Spalding’s debut album might be best described as picking up where the jazz fusion of the 1970s left off. The songs pulsate with complex arrangements, Spalding’s uniquely expressive vocals and fat-bottomed bass playing, and challenging melodies and harmonies. “I love fusion music,” she said. “There was this wonderful arc that started 40 years ago where people kept incorporating modern sounds into their music. What you hear is a natural outgrowth of what I was exposed to.”


Spalding, who played violin for the Chamber Music Society of Oregon from ages 5 to 15, exploded into adolescence by switching to the stand-up bass and playing blues, funk and hip-hop. Two years later, she was studying at Berklee College of Music in Boston, where she eventually became the youngest faculty member in the history of the school at age 20.

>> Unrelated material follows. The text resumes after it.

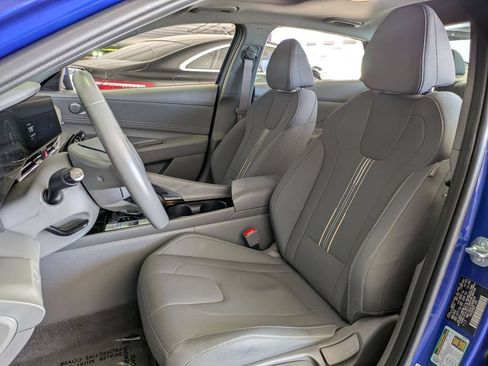 Used 2025 Hyundai Elantra SEL FWD image 42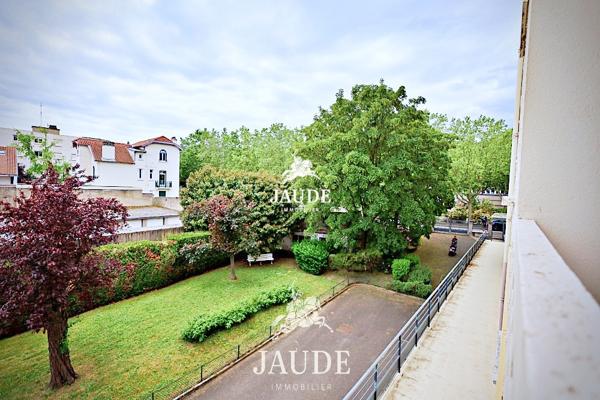 À vendre à Chamalieres, au centre, au premier étage avec balcon, cave et garage. Détails des diagnostics énergétiques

“Most people know me as a bass player for various other people,” said Spalding, who has worked with jazz standouts Michel Camilo, Pat Metheny and Joe Lovano. “But I’d begun performing my own music with a pop band called Noise for Pretend. They’d say, ‘Esperanza, can you just do some lyrics for this?”’


Spalding’s contemporary fusion includes strong Latin and Brazilian influences. She was inspired by Milton Nascimento’s vocals to record “Ponta de Areia,” the Brazilian classic made famous by Wayne Shorter. She also sings a Spanish-language version of the jazz standard “Body and Soul” and returns to Portuguese on Baden Powell’s “Samba em Preludio.”


“I have Hispanic roots,” she explained. “My mother was from Southern California and had some Hispanic background; my nanny was Cuban and I picked up a lot of Spanish from her.”


But one of the most impressive quirks to Spalding’s act is her improvisatory melodic scatting, influenced by hip-hop MCs. She flaunts it on “She Got to You,” which she recently performed on the “Late Show With David Letterman.”


“I want to get people excited even if they don’t know me or anything about jazz,” Spalding said. “I’d love to sit in with people like Herbie Hancock or Pat Metheny, but I would love to collaborate with Questlove of the Roots or Andre 3000,” she said, still refusing to be categorized.